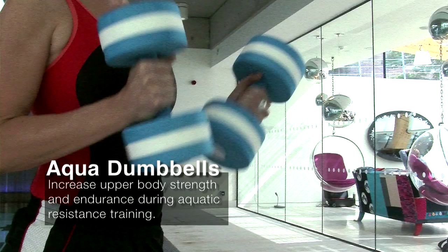Speedo Aqua Dumbbells are great for toning the upper body because they provide resistance in the water. I use them in my swimming classes for people who aren't as strong, who maybe can't do pool sets, and they do sets with these instead.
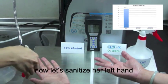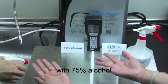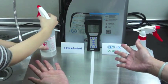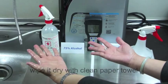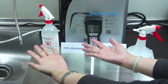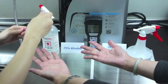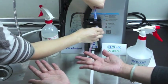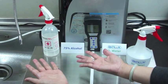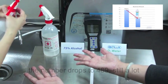Hmm, quite dangerous. Now, let's sanitize her left hand with 75% alcohol. Wipe it dry with a clean paper towel, then collect a sample from the left hand. The number drops to 489 — still a lot.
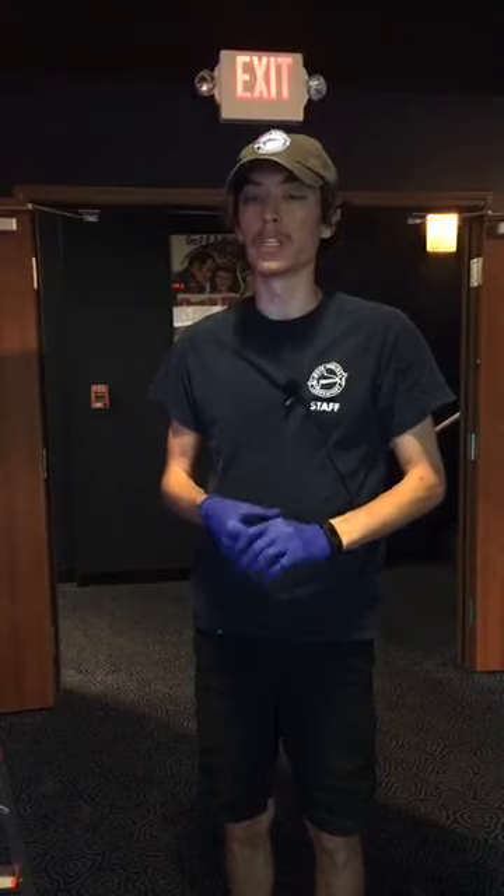Good afternoon everybody. Welcome back to Florida Keys History Discovery Center. My name is Blake and we're going to be diving into another piece of our Mote Marine Laboratory exhibit. Today we're going to be talking about one of the animals we have here on site — we're going to be talking about our balloon fish.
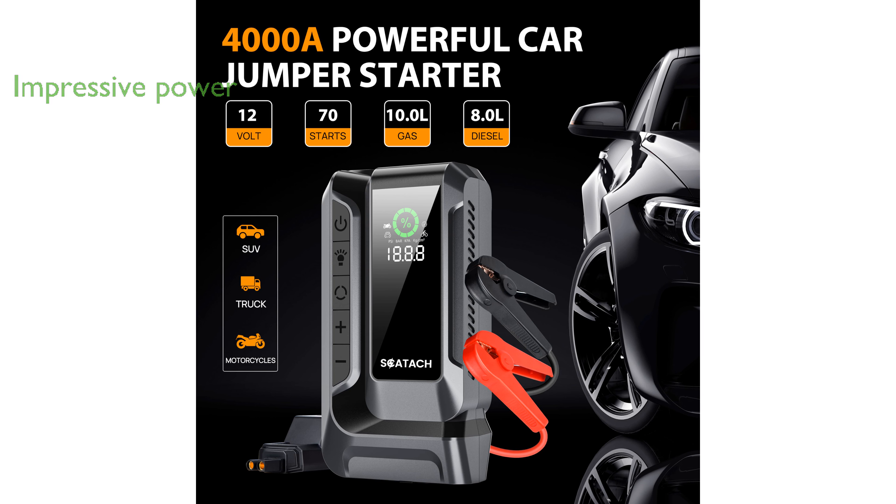With an impressive current of 4000 amperes, it can jump start vehicles with engines up to 10 liters for gas and 8 liters for diesel, ensuring you're never stranded with a dead battery.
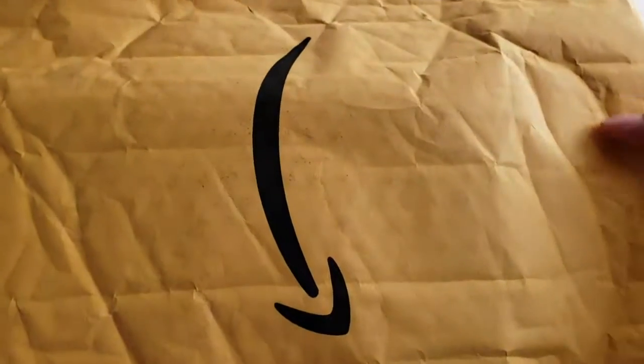All right guys, I'm back and today I actually have an in real life video for you guys. I'm just gonna be opening my Amazon packages and honestly it just gives me a quick easy video to do, or at least I'm hoping it's gonna be quick and easy. I'm not entirely sure — let's see the first one.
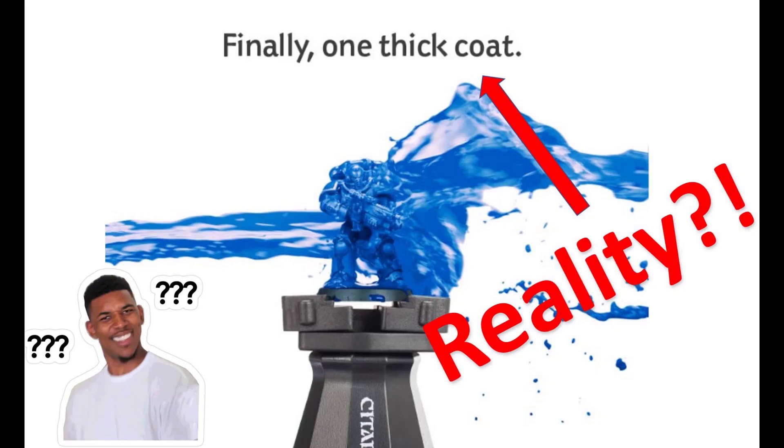Games Workshop promised that contrast paints will do the base coat and shading in all one thick coat. But does it actually save you any time at all?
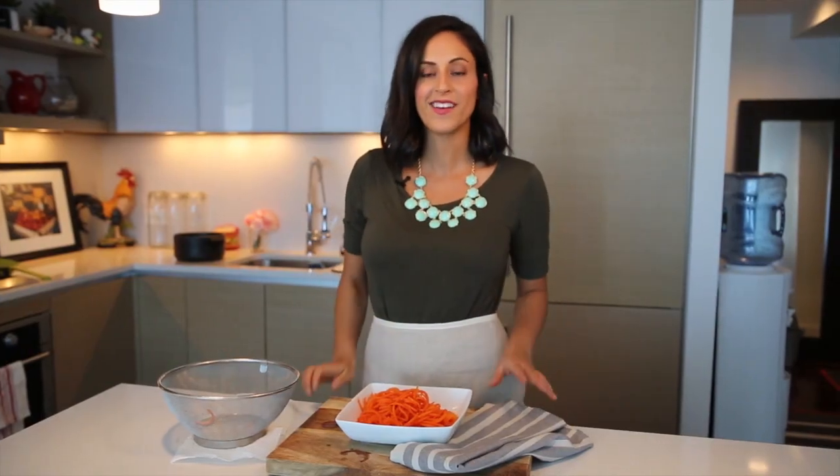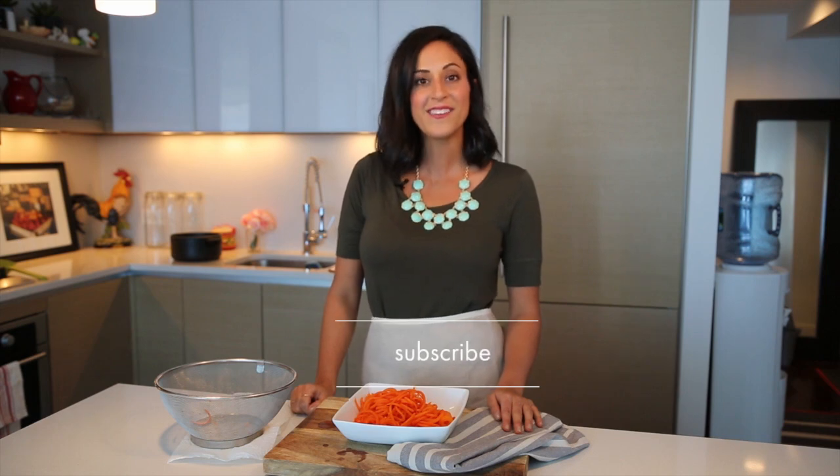And there you have it, boiled carrot noodles, my favorite way to prepare spiralized carrots. For more creative ideas of things to do with your spiralized vegetables, go to Inspiralized.com and make sure you subscribe to my YouTube channel. Thank you so much.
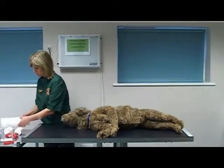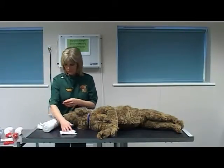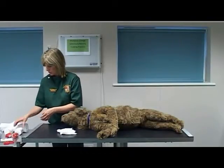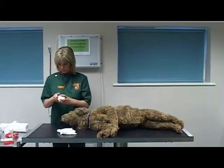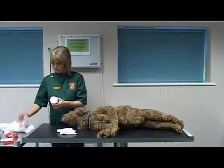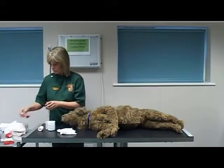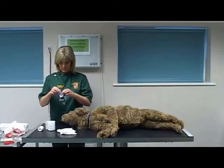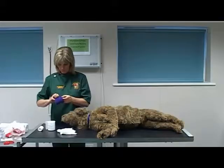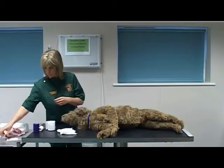Select and unwrap materials and equipment prior to starting the bandage. Select a small amount of padding. Select a synthetic bandage. Select a conforming bandage. Select a protective layer. Select a pair of scissors. Select a wound dressing.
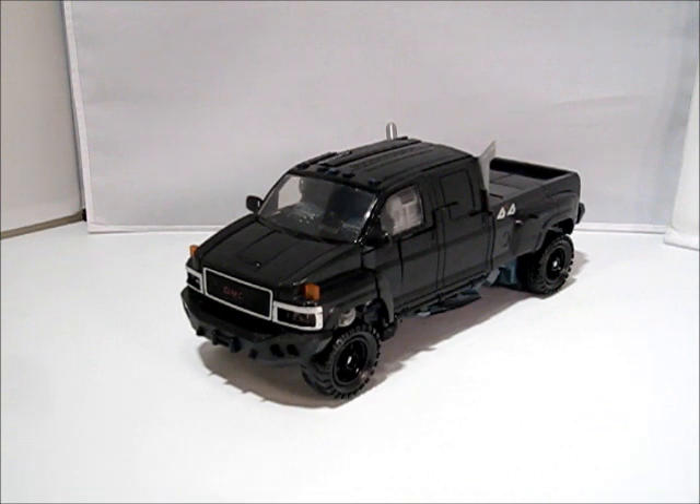So there you have it — Leader Class Ironhide Part 2, all done, all wrapped up. Thanks for watching, keep an eye out for more reviews, and in the meantime, keep collecting.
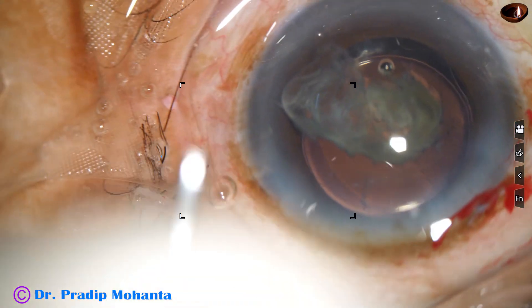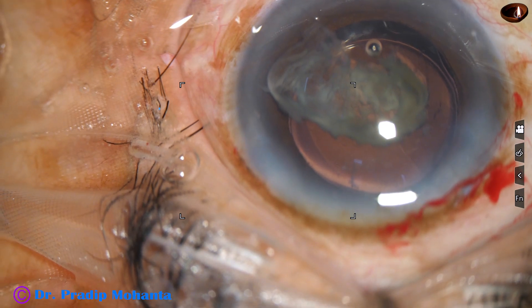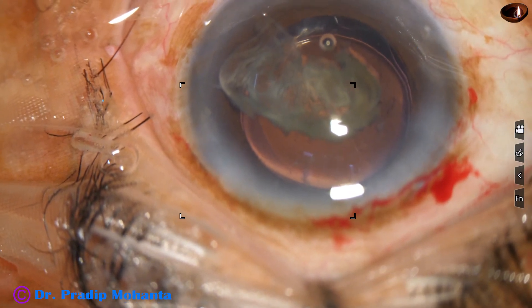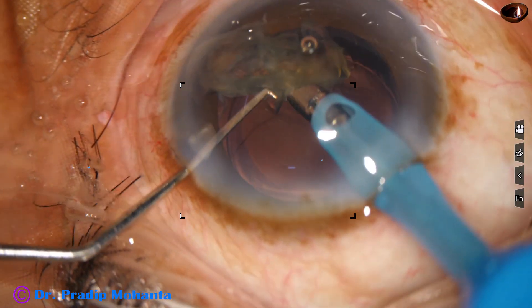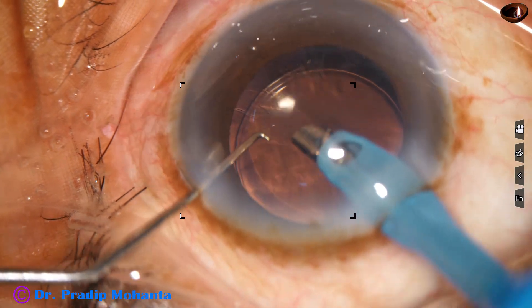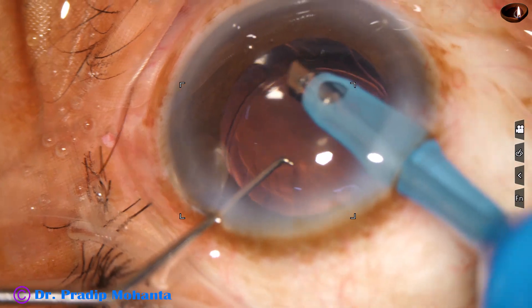I take the phaco needle again and emulsify the epinucleus. At this time I am in phaco 3 mode, where ultrasonic energy is 50%, flow rate is 30, and vacuum is 300. The epinucleus shell is emulsified.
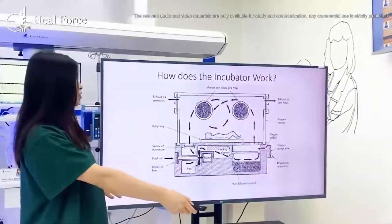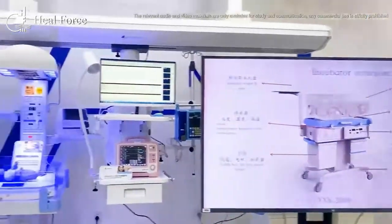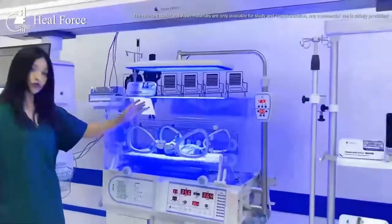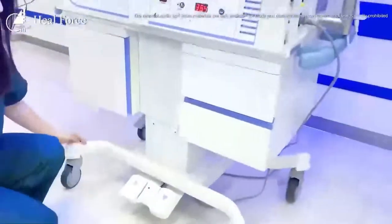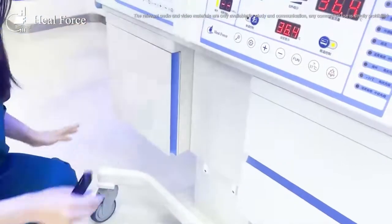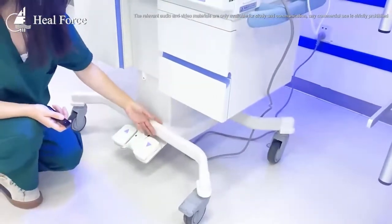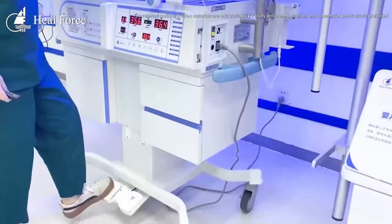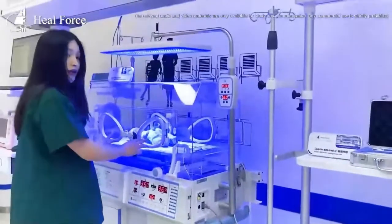Now let me introduce one of our incubators. I would like to introduce it from the bottom to the top. The first thing you can see is that we designed wheels — casters — so that nurses can move the machine easily. The machine base is also designed so that it is very easy for nurses to clean. We also designed an electronic lifting function so nurses can operate with the baby at the proper height.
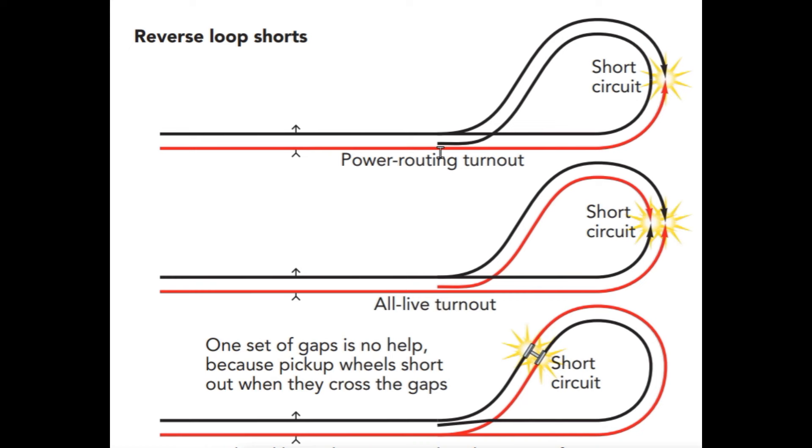Before we get started with the actual look at how this automated reverse loop works, I want to go through a couple of diagrams with you and show you some of the issues involved with reverse loops and how you can go about solving them. So basically, if you're using a power routing turnout, you're going to get a potential mismatch in polarity because this red rail will connect to the black rail somewhere in the loop because of the way it physically wraps around.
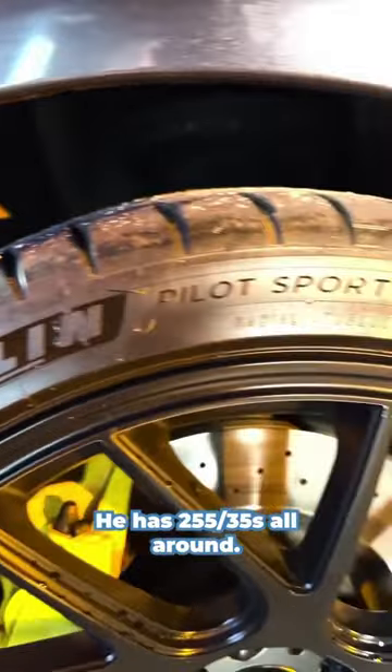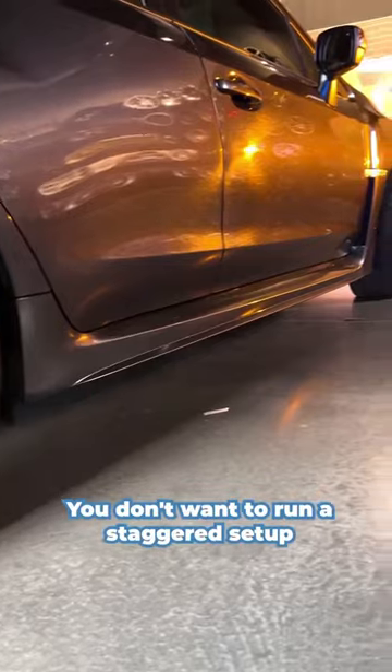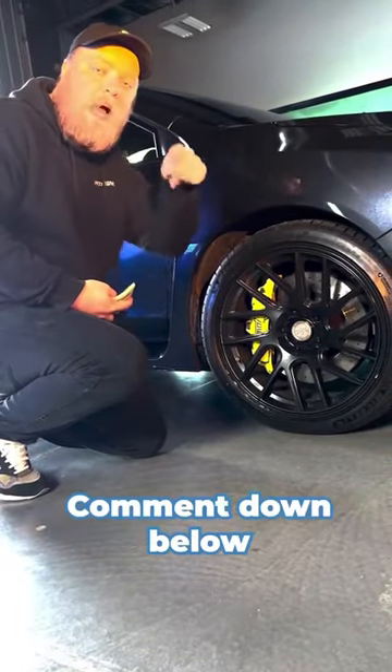He has 255/35s all around. Obviously, this is a square setup on this STI because it's all-wheel drive. You don't want to run a staggered setup with all-wheel drive. What do you think of this fitment? Comment down below.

::::::::

Your copy of the listing should match it exactly, apart from the pictures, which are left out.

[Answer space]
Speedo Aqua Dumbbells are great for toning the upper body because they provide resistance in the water. I use them in my swimming classes for people who aren't as strong, who maybe can't do pool sets, and they do sets with these instead.
Hmm, quite dangerous. Now, let's sanitize her left hand with 75% alcohol. Wipe it dry with a clean paper towel, then collect a sample from the left hand. The number drops to 489 — still a lot.
Good afternoon everybody. Welcome back to Florida Keys History Discovery Center. My name is Blake and we're going to be diving into another piece of our Mote Marine Laboratory exhibit. Today we're going to be talking about one of the animals we have here on site — we're going to be talking about our balloon fish.
With an impressive current of 4000 amperes, it can jump start vehicles with engines up to 10 liters for gas and 8 liters for diesel, ensuring you're never stranded with a dead battery.
All right guys, I'm back and today I actually have an in real life video for you guys. I'm just gonna be opening my Amazon packages and honestly it just gives me a quick easy video to do, or at least I'm hoping it's gonna be quick and easy. I'm not entirely sure — let's see the first one.
Games Workshop promised that contrast paints will do the base coat and shading in all one thick coat. But does it actually save you any time at all?
And there you have it, boiled carrot noodles, my favorite way to prepare spiralized carrots. For more creative ideas of things to do with your spiralized vegetables, go to Inspiralized.com and make sure you subscribe to my YouTube channel. Thank you so much.
Select and unwrap materials and equipment prior to starting the bandage. Select a small amount of padding. Select a synthetic bandage. Select a conforming bandage. Select a protective layer. Select a pair of scissors. Select a wound dressing.
So there you have it — Leader Class Ironhide Part 2, all done, all wrapped up. Thanks for watching, keep an eye out for more reviews, and in the meantime, keep collecting.
I take the phaco needle again and emulsify the epinucleus. At this time I am in phaco 3 mode, where ultrasonic energy is 50%, flow rate is 30, and vacuum is 300. The epinucleus shell is emulsified.
Now let me introduce one of our incubators. I would like to introduce it from the bottom to the top. The first thing you can see is that we designed wheels — casters — so that nurses can move the machine easily. The machine base is also designed so that it is very easy for nurses to clean. We also designed an electronic lifting function so nurses can operate with the baby at the proper height.
Before we get started with the actual look at how this automated reverse loop works, I want to go through a couple of diagrams with you and show you some of the issues involved with reverse loops and how you can go about solving them. So basically, if you're using a power routing turnout, you're going to get a potential mismatch in polarity because this red rail will connect to the black rail somewhere in the loop because of the way it physically wraps around.
He has 255/35s all around. Obviously, this is a square setup on this STI because it's all-wheel drive. You don't want to run a staggered setup with all-wheel drive. What do you think of this fitment? Comment down below.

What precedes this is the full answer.